Although we certainly do and should care about how things are done and what decisions are made, not everything will go as we expect it to go. If the changed expectation disrupts a participant or creates unreliable results, I do something about it. But if everything is going fine, then nta kibazo.
Many research techniques, however, work against finding where serendipity takes you. Many techniques pursue the goal of asking many people the same questions with the intention of verifying with numbers.
One method to increase repeatability is to read a script aloud to each participant.
In the US, if you read aloud to someone, most will quietly endure it.

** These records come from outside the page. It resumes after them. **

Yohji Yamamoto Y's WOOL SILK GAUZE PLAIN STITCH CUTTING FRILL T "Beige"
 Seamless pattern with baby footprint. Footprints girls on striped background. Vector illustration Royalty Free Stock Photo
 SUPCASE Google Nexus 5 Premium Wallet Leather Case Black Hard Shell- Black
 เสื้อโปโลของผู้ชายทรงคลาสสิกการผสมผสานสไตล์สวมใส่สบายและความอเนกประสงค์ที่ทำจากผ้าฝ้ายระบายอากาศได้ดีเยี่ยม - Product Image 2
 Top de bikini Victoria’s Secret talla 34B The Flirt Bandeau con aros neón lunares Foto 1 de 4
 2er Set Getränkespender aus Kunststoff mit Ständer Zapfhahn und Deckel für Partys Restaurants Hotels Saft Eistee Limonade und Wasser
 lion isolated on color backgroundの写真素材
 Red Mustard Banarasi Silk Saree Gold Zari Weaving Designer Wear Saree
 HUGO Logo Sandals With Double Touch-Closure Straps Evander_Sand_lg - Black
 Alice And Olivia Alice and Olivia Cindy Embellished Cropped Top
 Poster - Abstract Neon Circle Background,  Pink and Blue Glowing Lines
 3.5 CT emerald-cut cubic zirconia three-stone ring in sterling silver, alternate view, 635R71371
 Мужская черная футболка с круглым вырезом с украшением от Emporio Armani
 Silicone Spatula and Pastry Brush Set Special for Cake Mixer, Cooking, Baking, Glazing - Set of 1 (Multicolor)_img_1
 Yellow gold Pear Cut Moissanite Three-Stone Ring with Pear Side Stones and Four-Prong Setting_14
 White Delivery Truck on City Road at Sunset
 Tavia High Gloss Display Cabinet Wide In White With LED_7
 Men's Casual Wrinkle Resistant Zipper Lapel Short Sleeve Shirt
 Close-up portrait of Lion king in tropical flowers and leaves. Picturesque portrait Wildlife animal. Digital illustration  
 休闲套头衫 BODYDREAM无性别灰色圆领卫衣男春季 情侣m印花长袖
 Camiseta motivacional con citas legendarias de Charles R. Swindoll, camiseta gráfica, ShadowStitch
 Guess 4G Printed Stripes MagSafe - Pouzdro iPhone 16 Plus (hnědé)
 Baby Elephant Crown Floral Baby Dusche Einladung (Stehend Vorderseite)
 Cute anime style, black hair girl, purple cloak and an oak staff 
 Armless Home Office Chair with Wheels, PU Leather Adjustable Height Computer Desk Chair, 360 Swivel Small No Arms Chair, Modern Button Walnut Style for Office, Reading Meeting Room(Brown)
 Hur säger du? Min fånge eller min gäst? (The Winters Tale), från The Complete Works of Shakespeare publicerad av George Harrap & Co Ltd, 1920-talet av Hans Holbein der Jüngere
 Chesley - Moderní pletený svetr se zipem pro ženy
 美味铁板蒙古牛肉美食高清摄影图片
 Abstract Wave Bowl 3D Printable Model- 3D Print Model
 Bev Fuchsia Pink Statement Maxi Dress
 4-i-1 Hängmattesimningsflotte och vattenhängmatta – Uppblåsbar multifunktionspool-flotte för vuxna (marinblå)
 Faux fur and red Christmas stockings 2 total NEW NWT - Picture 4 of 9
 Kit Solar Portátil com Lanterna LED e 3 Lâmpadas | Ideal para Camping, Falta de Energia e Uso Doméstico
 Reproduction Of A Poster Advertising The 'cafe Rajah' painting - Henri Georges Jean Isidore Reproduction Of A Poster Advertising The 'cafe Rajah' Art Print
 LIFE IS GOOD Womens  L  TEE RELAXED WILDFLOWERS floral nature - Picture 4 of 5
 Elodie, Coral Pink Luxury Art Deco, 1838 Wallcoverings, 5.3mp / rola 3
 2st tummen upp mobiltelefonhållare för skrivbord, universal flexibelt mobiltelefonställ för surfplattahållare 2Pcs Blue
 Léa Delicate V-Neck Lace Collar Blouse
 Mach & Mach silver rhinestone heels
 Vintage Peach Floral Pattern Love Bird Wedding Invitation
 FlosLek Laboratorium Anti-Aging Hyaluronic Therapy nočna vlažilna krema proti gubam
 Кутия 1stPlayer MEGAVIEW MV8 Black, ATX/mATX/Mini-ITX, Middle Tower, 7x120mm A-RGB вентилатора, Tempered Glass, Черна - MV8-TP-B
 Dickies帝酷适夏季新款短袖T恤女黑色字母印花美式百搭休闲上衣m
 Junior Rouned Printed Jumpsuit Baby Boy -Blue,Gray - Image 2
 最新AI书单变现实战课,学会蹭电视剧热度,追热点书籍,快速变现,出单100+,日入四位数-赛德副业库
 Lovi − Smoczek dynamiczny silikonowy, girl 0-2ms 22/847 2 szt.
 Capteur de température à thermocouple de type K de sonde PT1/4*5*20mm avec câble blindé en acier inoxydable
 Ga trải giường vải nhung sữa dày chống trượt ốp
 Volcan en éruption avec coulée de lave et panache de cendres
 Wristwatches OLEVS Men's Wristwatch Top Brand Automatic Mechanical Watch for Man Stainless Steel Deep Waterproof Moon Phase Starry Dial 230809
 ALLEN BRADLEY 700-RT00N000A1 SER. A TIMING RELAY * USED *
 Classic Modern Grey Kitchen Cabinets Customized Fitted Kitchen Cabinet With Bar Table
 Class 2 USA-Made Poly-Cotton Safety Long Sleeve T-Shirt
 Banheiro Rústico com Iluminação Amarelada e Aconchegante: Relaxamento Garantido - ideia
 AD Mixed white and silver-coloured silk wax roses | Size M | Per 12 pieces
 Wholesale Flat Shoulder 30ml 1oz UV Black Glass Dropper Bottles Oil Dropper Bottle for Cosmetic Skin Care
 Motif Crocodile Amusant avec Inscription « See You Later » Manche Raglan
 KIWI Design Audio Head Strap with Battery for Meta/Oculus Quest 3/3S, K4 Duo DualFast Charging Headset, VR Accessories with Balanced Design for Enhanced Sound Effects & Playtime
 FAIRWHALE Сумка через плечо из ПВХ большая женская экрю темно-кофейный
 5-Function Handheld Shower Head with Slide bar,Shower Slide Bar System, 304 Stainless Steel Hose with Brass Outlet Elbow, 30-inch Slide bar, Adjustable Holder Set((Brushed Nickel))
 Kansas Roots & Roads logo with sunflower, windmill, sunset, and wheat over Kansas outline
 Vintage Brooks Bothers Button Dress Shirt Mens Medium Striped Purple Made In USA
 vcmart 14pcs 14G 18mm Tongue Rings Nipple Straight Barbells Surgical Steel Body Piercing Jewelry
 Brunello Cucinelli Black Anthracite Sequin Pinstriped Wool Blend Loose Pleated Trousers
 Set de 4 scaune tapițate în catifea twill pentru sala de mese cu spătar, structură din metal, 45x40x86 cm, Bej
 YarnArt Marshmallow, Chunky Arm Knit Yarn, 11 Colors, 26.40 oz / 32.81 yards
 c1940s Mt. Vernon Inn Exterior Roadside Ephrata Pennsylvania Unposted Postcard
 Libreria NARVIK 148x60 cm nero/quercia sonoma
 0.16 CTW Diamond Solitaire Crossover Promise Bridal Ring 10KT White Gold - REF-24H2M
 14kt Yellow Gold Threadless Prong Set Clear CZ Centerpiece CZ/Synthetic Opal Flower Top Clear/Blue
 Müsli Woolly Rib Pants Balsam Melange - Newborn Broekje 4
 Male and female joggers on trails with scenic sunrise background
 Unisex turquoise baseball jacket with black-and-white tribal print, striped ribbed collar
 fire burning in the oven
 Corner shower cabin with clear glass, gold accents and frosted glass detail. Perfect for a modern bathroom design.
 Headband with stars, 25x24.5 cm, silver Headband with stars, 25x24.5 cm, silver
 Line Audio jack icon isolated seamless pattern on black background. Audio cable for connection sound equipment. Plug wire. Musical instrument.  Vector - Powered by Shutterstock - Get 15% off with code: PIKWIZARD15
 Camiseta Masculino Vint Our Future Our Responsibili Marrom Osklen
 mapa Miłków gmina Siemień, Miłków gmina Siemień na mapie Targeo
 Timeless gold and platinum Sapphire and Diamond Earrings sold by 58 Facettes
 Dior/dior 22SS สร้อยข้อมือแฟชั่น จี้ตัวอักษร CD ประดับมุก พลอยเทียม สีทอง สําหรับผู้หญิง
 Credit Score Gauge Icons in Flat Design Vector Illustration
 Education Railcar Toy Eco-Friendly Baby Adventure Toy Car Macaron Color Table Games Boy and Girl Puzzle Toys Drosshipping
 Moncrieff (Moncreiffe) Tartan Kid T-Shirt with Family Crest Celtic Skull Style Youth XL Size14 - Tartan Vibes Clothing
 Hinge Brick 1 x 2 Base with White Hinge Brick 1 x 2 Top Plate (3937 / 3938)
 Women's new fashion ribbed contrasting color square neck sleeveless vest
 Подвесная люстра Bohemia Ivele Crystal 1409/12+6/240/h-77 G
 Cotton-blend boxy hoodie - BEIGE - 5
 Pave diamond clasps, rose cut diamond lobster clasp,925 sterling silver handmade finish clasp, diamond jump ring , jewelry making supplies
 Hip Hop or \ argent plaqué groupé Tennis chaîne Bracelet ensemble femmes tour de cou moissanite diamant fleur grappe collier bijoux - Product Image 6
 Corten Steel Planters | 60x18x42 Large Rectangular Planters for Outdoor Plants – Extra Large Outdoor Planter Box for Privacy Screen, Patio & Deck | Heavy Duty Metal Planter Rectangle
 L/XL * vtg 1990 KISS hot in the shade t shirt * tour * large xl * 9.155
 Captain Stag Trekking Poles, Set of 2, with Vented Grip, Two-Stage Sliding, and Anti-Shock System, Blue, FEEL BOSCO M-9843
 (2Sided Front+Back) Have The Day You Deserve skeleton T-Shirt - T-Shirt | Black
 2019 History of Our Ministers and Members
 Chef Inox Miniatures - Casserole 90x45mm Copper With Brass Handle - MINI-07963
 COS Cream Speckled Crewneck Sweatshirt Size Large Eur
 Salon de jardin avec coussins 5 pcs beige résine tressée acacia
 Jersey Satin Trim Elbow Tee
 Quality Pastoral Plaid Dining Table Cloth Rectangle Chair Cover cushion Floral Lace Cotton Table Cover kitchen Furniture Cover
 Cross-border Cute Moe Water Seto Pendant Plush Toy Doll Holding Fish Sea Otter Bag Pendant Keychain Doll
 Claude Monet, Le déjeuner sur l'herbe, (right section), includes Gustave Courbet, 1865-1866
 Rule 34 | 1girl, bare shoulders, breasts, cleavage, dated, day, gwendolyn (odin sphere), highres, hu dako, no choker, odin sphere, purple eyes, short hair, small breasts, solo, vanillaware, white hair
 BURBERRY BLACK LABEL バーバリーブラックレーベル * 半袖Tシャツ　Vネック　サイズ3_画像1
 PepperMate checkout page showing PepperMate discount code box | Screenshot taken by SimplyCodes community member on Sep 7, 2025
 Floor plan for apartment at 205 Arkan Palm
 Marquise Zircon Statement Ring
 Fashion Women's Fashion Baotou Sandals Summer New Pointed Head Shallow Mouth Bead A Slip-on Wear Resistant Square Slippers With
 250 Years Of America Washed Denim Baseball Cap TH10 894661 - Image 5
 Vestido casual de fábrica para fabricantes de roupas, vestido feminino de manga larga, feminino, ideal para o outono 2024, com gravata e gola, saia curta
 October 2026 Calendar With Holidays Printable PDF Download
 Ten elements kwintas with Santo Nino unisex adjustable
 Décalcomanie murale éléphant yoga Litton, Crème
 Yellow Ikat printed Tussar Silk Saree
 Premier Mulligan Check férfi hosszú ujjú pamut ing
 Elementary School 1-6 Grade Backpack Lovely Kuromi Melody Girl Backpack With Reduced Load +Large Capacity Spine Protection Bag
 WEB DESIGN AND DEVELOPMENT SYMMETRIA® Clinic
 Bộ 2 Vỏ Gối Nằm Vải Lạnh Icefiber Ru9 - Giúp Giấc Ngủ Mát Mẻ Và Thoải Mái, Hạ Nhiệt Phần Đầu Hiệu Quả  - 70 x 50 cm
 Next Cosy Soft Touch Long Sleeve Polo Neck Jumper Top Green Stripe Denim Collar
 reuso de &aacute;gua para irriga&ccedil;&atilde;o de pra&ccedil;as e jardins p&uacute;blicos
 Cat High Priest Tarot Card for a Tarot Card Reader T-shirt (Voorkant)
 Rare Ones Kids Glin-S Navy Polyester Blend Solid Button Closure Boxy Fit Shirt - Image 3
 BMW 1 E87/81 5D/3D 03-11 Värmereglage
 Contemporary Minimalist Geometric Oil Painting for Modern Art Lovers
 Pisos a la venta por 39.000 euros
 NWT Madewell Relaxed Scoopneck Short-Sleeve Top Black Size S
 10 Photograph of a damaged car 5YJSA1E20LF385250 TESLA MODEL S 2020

This is not what happened when I attempted to read questions to a Rwandan teacher trainer.
Each participant would wait a sentence or two before interrupting me. “But, we do not have connectivity,” one said, pointing out that he could not use this website now or in the future he foresaw.
He had a good point, and so did others who interrupted my script reading.
…let your curiosity lead you.
It can be easy to be focused on numbers and reproducibility in a place like the US where it is (comparatively) easy to do such things. By doing research in a place where the culture fought against techniques like reading aloud, I was reminded that genuinely engaging with participants can often reveal more insights than a script that was written before we knew what our participants had to say.
We weren’t looking for numbers; we were looking for real stories from real people. Following our intuition got us the information we needed.
Bringing it back to the US (and similar places)
The approaches described here might make you or your team nervous.
Four years later, I occasionally catch myself questioning whether I should try to be more structured. And yet, if for the right topic with the right participants, easing up on rigor can be exactly what a project needs.
Non-reproducible research can work for two reasons.
- First, the team has to be engaged in the topic. The team that went to Rwanda was dedicated to helping the teacher trainers. We were curious about what they had to say, and we followed our curiosity.
- Second, we watched for biases and were practiced in non-leading techniques. Because we had strong interviewing skills, improvised sessions or tours around campuses and libraries provided qualitative data worth analyzing.
If you’re able to bring both of these aspects to a research project, a less structured research plan—with a flexible schedule, on-the-spot recruiting, informal environment, and natural conversations—can work for you, too.
I hope you try it out and let me know what you find!
* To look up these words and more, check out this Kinyarwanda phrase book.
** Which, as it turns out, was not coined by a certain warthog and meerkat.